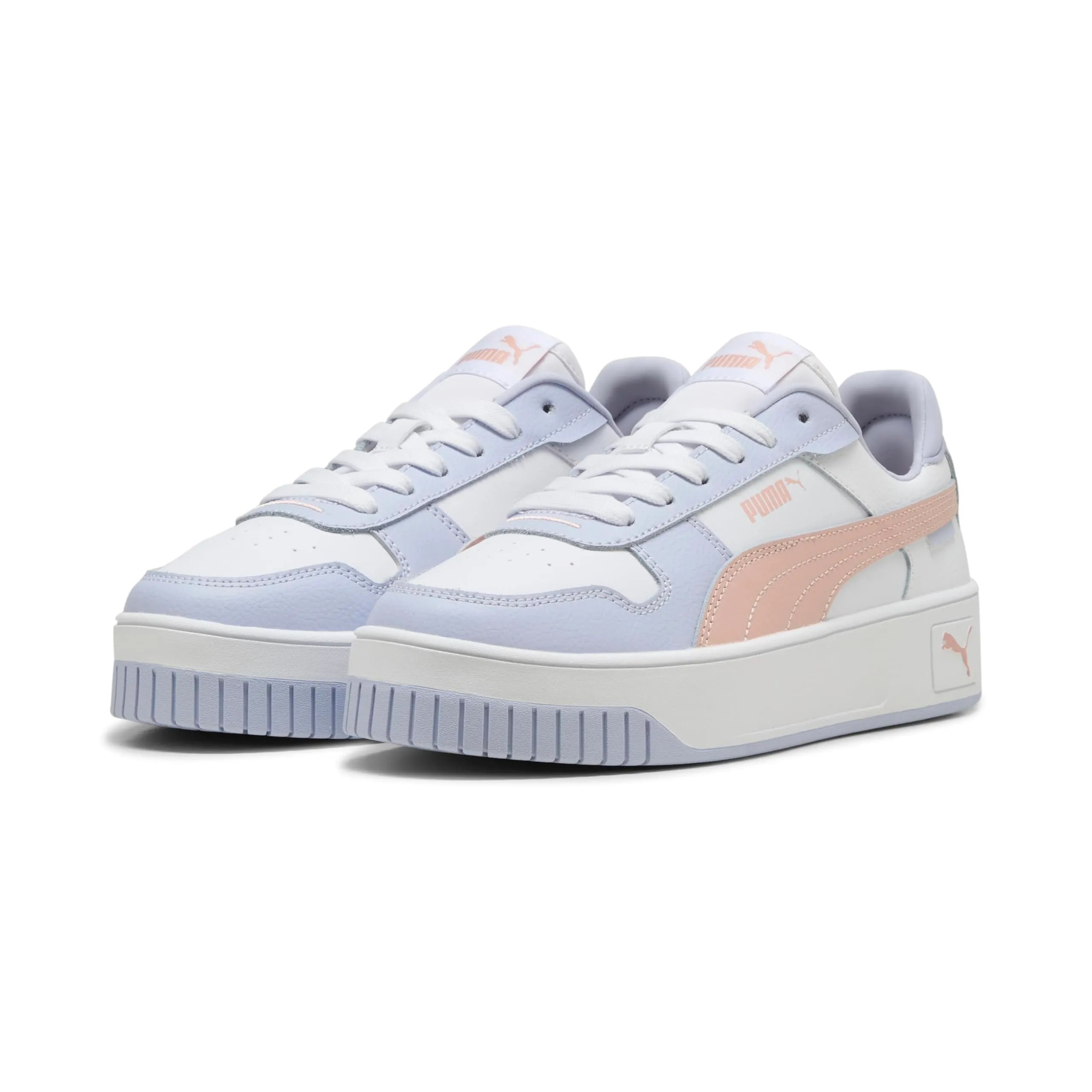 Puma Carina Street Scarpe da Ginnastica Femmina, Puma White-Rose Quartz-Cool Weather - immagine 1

---

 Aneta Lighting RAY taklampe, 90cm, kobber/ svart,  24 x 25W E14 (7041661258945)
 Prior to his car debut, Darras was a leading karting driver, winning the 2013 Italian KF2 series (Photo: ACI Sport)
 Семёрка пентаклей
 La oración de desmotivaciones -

# TO DO
Within the material above, copy exactly the lines from the line that holds "Aneta Lighting RAY" up to and including the line that holds "La oración de".

# RESPONSE
 Aneta Lighting RAY taklampe, 90cm, kobber/ svart,  24 x 25W E14 (7041661258945)
 Prior to his car debut, Darras was a leading karting driver, winning the 2013 Italian KF2 series (Photo: ACI Sport)
 Семёрка пентаклей
 La oración de desmotivaciones -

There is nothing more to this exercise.